GIVENCHY LA COUTURE DU MANIFESTE CREUX
Le premier défilé de Sarah Burton pour Givenchy avait déjà montré les signes d’une sensibilité surfabriquée, et son second confirme cette pente : une couture de l’affirmation tapageuse à la Chiuri, qui se croit féministe parce qu’elle exhibe. Les clientes, trophées vivants de cette mode prétendument libératrice, se pavanaient ce soir-là dans un caban en satin duchesse jaune pâle ceinturé de noir, comme pour proclamer haut et fort leur droit à l’ostentation.
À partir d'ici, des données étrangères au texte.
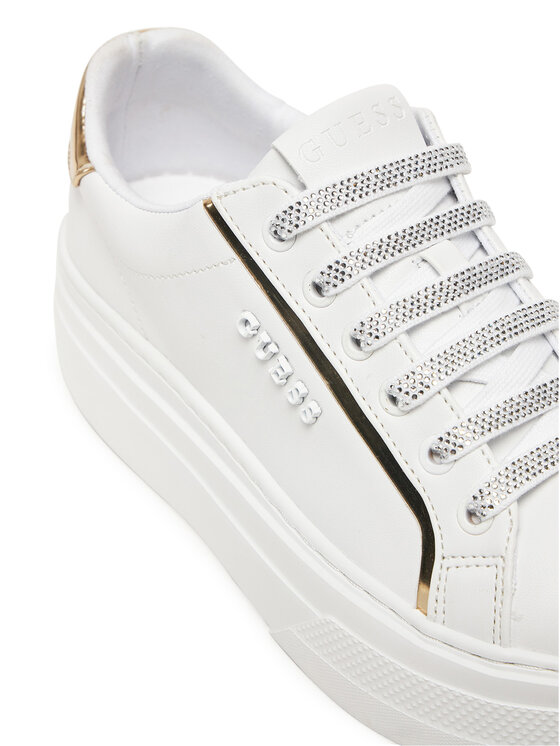 Guess Guess Sneakersy FLJMRI ELE12 Biały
On nous vante la légèreté des vestes déstructurées, désormais réduites à la mollesse d’un cardigan, comme si ôter toute ossature revenait à libérer la femme. Quel progrès ! Effacer la tenue pour mieux mettre à nu. Et cette robe-manteau aux courbes généreuses, jadis portée avec majesté, dorénavant défaite, ses revers arrachés des épaules pour laisser pendre, misérablement, les bretelles d’un soutien-gorge. L’émancipation livrée en pâture, à la liberté, à tout prix, sous prétexte de déconstruire.
Tout le vocabulaire est là : cols béants, vestes penchées, ourlets relevés, jupes descendues, à peine sous le nombril, comme un tissu mal ajusté qu’on accroche à la hâte. Le corps n’est plus célébré, il est transformé en terrain de revendication bruyante, un manifeste textile criard qui confond provocation et puissance. Burton elle-même l’avoue : « l’esprit pour les affaires, le corps pour le pêché ». Voilà donc le message du pouvoir féminin réduit à un slogan de vitrine, Marilyn Monroe recyclée en motif noir et blanc pour enrober une idéologie de pacotille.
Une robe blanche, telle une draperie d’autel arrachée au silence des chambres, que le mannequin pressait contre sa poitrine haletante, attachée à un corsage couleur de pêche, et cette jupe bouffante hérissée de plumes, n’était-elle pas comme les songes chimériques d’un luxe consumé par lui-même ? Puis, un manteau couleur camouflage et aux épaules presque nues, effiloché comme un rideau fatigué, ou une jupe boule hérissée de faux panaches arrachés à la mousseline rouge : on applaudit l’illusion, la « méticulosité » qui se contente de singer la plume, le luxe qui mime la fragilité. Et le public acclame comme si l’on devait remercier une créatrice de travestir l’habit en manifeste.
Cette collection n’est pas un hymne à la femme : c’est une caricature de sa force, une couture de revendication qui confond la nudité avec la liberté et la provocation avec l’émancipation. Ici, la femme n’est pas libérée : elle est réduite en étendard. Mais, lorsqu’on observe, au bout du compte, la rectitude qu’elle impose à son propre corps, on en saisit plus clairement le sens.